Does this make me heartless? Or does it make me a grown-up?

An article that would have the above statement anywhere in it has, already, devolved into a subjective, limiting, and uninteresting conversation about “what it means to be a grown-up,” and “let me tell you how I am better than you by making you feel ashamed about something.” Sounds like high school politics to me.

These are the books that could plausibly be said to be replacing literary fiction in the lives of their adult readers. And that’s a shame.

That has kept me bashful about expressing my own fuddy-duddy opinion: Adults should feel embarrassed about reading literature written for children.
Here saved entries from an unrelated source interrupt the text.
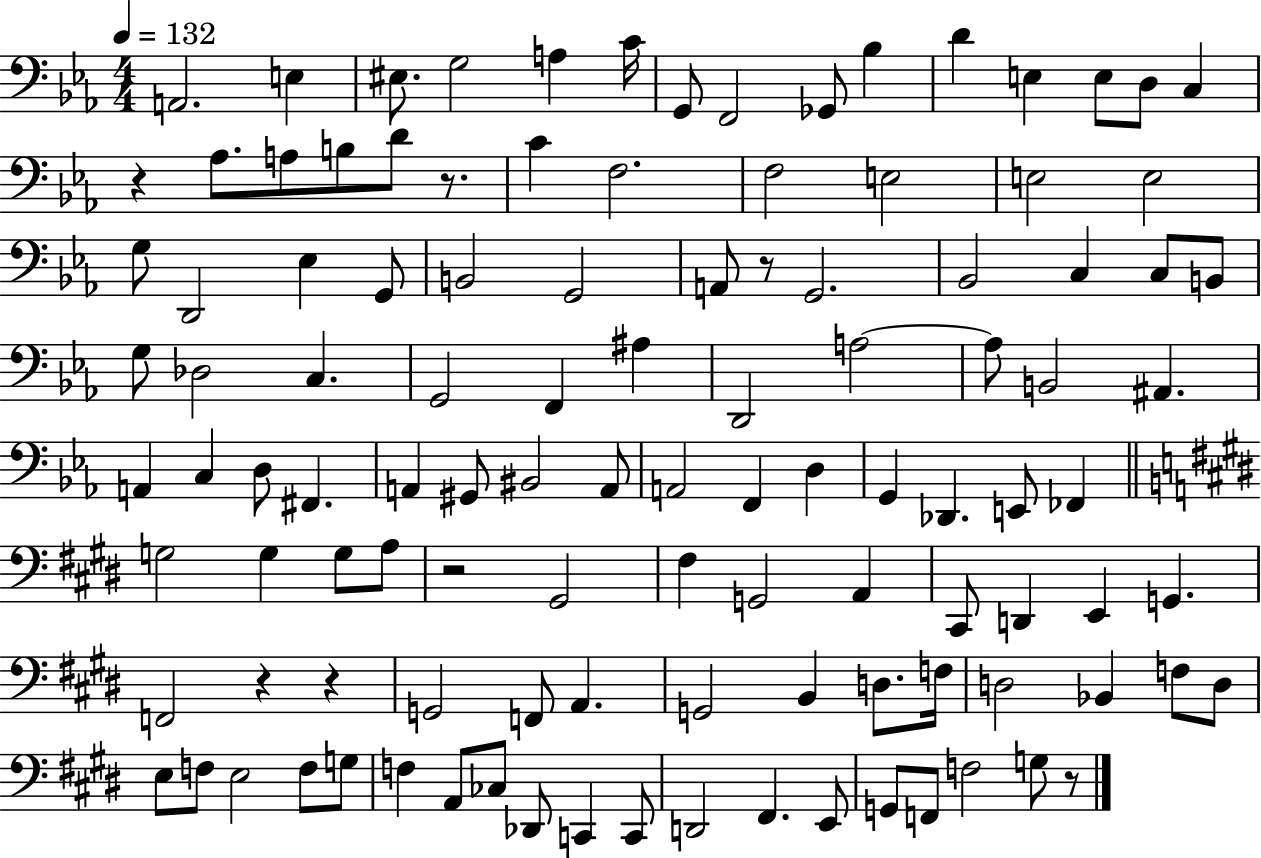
A2/h. E3/q EIS3/e. G3/h A3/q C4/s G2/e F2/h Gb2/e Bb3/q D4/q E3/q E3/e D3/e C3/q R/q Ab3/e. A3/e B3/e D4/e R/e. C4/q F3/h. F3/h E3/h E3/h E3/h G3/e D2/h Eb3/q G2/e B2/h G2/h A2/e R/e G2/h. Bb2/h C3/q C3/e B2/e G3/e Db3/h C3/q. G2/h F2/q A#3/q D2/h A3/h A3/e B2/h A#2/q. A2/q C3/q D3/e F#2/q. A2/q G#2/e BIS2/h A2/e A2/h F2/q D3/q G2/q Db2/q. E2/e FES2/q G3/h G3/q G3/e A3/e R/h G#2/h F#3/q G2/h A2/q C#2/e D2/q E2/q G2/q. F2/h R/q R/q G2/h F2/e A2/q. G2/h B2/q D3/e. F3/s D3/h Bb2/q F3/e D3/e E3/e F3/e E3/h F3/e G3/e F3/q A2/e CES3/e Db2/e C2/q C2/e D2/h F#2/q. E2/e G2/e F2/e F3/h G3/e R/e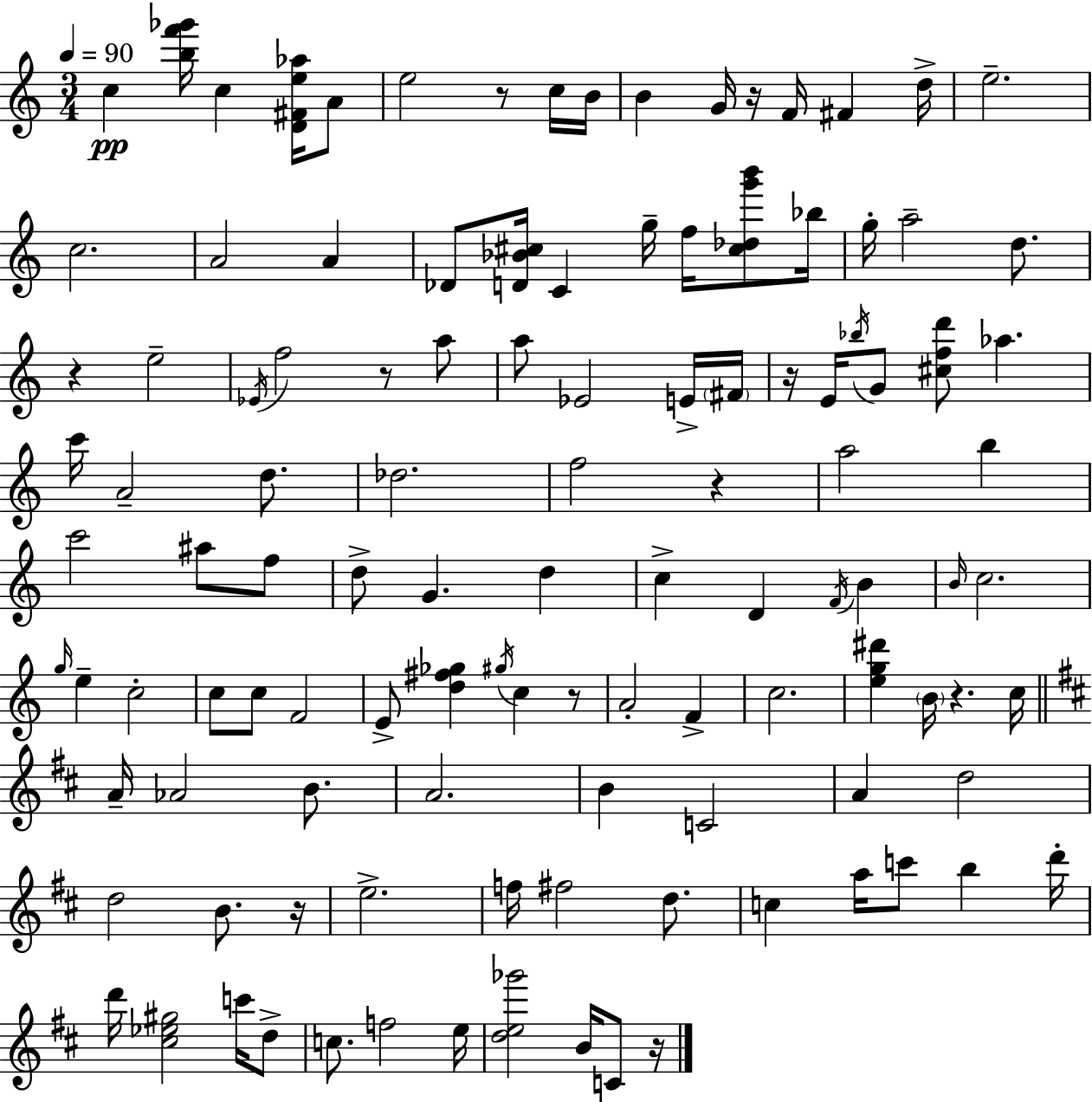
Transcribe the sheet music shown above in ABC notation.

X:1
T:Untitled
M:3/4
L:1/4
K:Am
c [bf'_g']/4 c [D^Fe_a]/4 A/2 e2 z/2 c/4 B/4 B G/4 z/4 F/4 ^F d/4 e2 c2 A2 A _D/2 [D_B^c]/4 C g/4 f/4 [^c_dg'b']/2 _b/4 g/4 a2 d/2 z e2 _E/4 f2 z/2 a/2 a/2 _E2 E/4 ^F/4 z/4 E/4 _b/4 G/2 [^cfd']/2 _a c'/4 A2 d/2 _d2 f2 z a2 b c'2 ^a/2 f/2 d/2 G d c D F/4 B B/4 c2 g/4 e c2 c/2 c/2 F2 E/2 [d^f_g] ^g/4 c z/2 A2 F c2 [eg^d'] B/4 z c/4 A/4 _A2 B/2 A2 B C2 A d2 d2 B/2 z/4 e2 f/4 ^f2 d/2 c a/4 c'/2 b d'/4 d'/4 [^c_e^g]2 c'/4 d/2 c/2 f2 e/4 [de_g']2 B/4 C/2 z/4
The issue of shame is an interesting one, when it comes to reading and writing in general. Who decides what is shameful? Who decides what should create embarrassment, create a negative emotion centered around societal rules and impositions, on an individual who is reading? According to this article, reading should be some sort of societal movement, a groupthink reality in which we “should” read a certain quality of writing, a certain type of book. Good “literature,” noting, of course, that the article seems to believe only the white, Western ideals of literature are worth noting, are the only ones worth spending any amount of time pursuing.
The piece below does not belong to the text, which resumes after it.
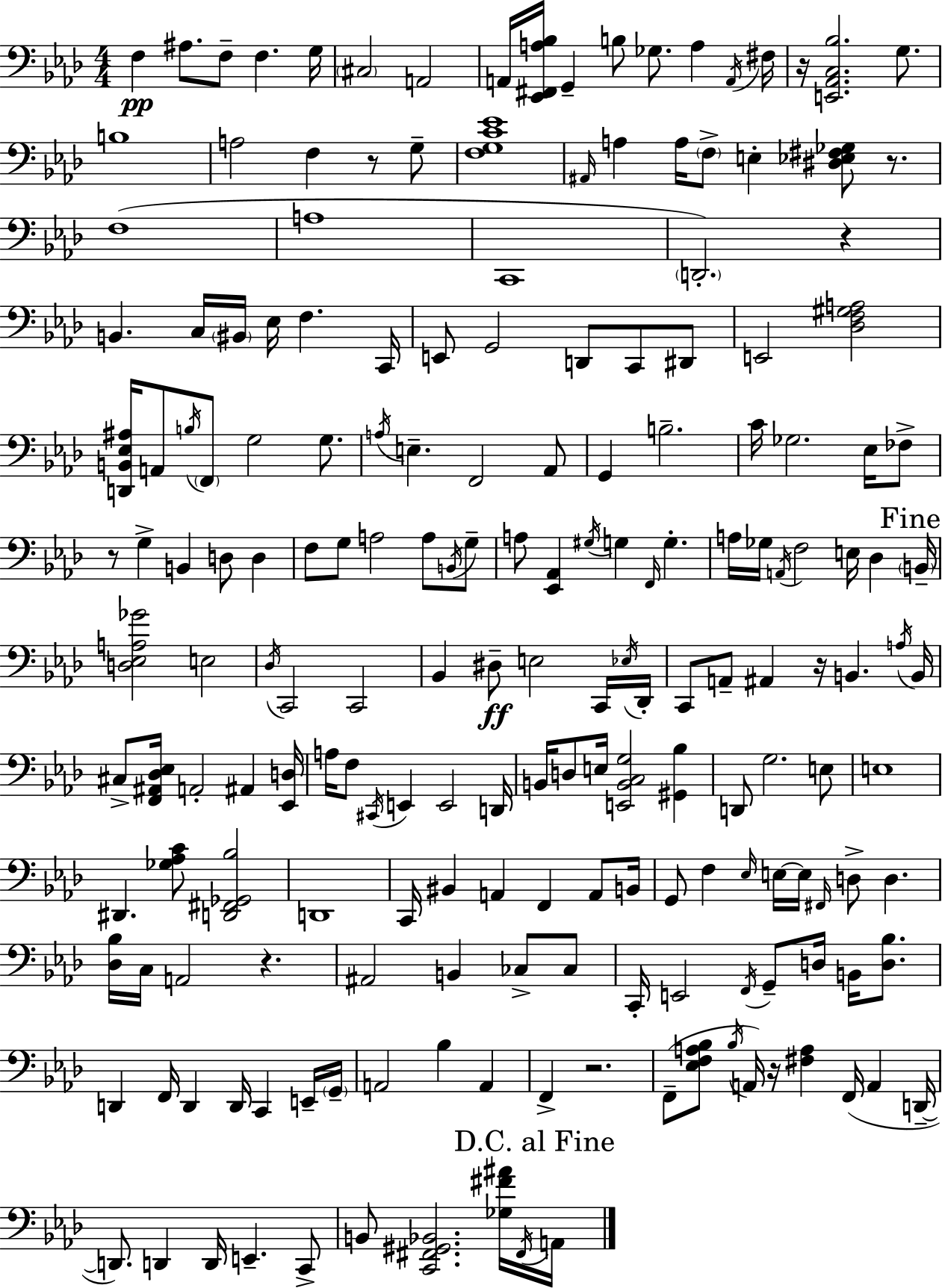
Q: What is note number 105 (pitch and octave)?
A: E3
There are a number of response pieces to the above article, here about Millennials and here about feminism. Looking at these, I feel as if this is a song and dance that has happened so many times.

As a writer, I feel somewhat constrained by the idea of needing to write something that is “adult” or “grown up,” because I feel that no one goes and says “I must read a mature book that others will agree is worth reading.” It’s a little too English Lit major for me (I was an English Lit major, fyi). Why? Why does it matter how I decide to tell my story?

The difficulty with fighting back against this opposition is the very fact that these arguments use words like “shame” and “adult.” The vehicle itself is devalued, therefore any arguments come from a place where you must first justify the entire genre before you can speak to its merits. The context of the historical novels that these articles often cite aren’t discussed, such as how the general population accepted these books when they were first produced, and there is this nostalgic “in my day” quality to everything these articles say.

One of the points that the first article makes is that great literature, such as Jane Austen’s novels, are of great value than YA literature today. Here’s a little quote from Wikipedia on that very subject:

Jane Austen‘s purpose never was to write historical or social novels, nor to provide a balanced and objective picture of late 18th century England. Her stories—considered as “comic”, because of their happy endings—all take place in the society she knew, that of a small rural gentry family, rather well-off though without fortune, around the 19th century.

Interesting, isn’t it? These novels don’t always set out to “define an age.” Not to mention, the “unsatisfying ends being adult” that the first article alludes to goes in direct opposition of Jane Austen’s novels which, for the time, all ended with spectacularly happy endings. Love, wealth, prospects, property…all ends well in Jane Austen novels. This is just one example, but my point is that one can disseminate all of these instances.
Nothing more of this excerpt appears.